The THz radiation pattern produced from the multi-pixel array was calculated by approximating the THz radiation emitted from the active semiconductor areas using an array of electrical dipoles that matched the emitter geometry. The typical wavelength of 300 $\mu$m (1 THz) is much smaller than the dipole size (5 $\mu$m), hence the Hertzian dipole approximation was used to calculate the vector electric field of each dipole. The electric field components produced by a Hertzian dipole in a spherical coordinate system $r$, $\theta$ and $\rho$ are

$$E_r = Z_0 \frac{I_0 l \cos \theta}{2 \pi r^{2}} \left(1 + \frac{1}{ikr} \right) e^{{-}ikr},$$
$$E_{\theta} = i Z_0 \frac{k I_0 l \sin \theta}{4 \pi r} \left(1 + \frac{1}{ikr} - \frac{1}{(kr)^{2}} \right) e^{{-}ikr},$$
$$E_{\phi} = 0,$$
where $l$ is the length of dipole, $Z_0$ is the impedance of free space, $I_0$ is the photocurrent, $k$ is the wavenumber, $i$ is the imaginary unit. The parameters of the model were selected to match typical interdigitated photoconductive devices: for instance the orientation and position of dipoles was created to match the geometry of exposed semiconductor gaps in the device. Each dipole had a length of 5 $\mu$m and the distance between adjacent dipoles in the same semiconductor gap was 5 $\mu$m.

The modelling results of transverse electric field amplitude and orientation in the near- and far-field at 1 THz are presented in Fig. 1. The modelled data show that different biasing conditions of the same 16-pixel emitter result in different polarization states in the far-field.
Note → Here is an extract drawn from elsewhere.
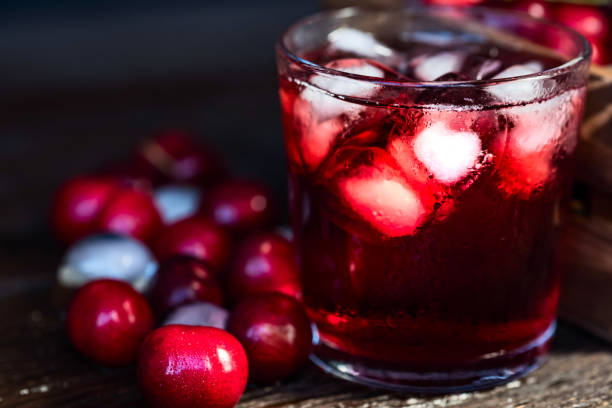 istock Fresh cherries ice cubes and cherry juice on wood 971304618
Panels (b)-(d) present the THz intensity in the $x-y$ plane in the near-field while (e)-(g) show the far-field intensity and (h)-(j) the far-field polarization angle distribution for horizontally-, azimuthally- and radially-polarized beams. The modelling results show that when configured to generate a linearly-polarized THz beam the emitter produces a Gaussian beam profile and a uniform polarization state in the $x-y$-plane. The CV beams possess a doughnut-like intensity profile and a cyclic polarization angle distribution, in good agreement with expectations for CV beams [6,25]. It is worth noting that the beam profiles of the azimuthal and radial beams are not perfect because of the finite number of pixels used and their square shape: further improvements could be made, for instance using designs with a larger number of smaller pixels.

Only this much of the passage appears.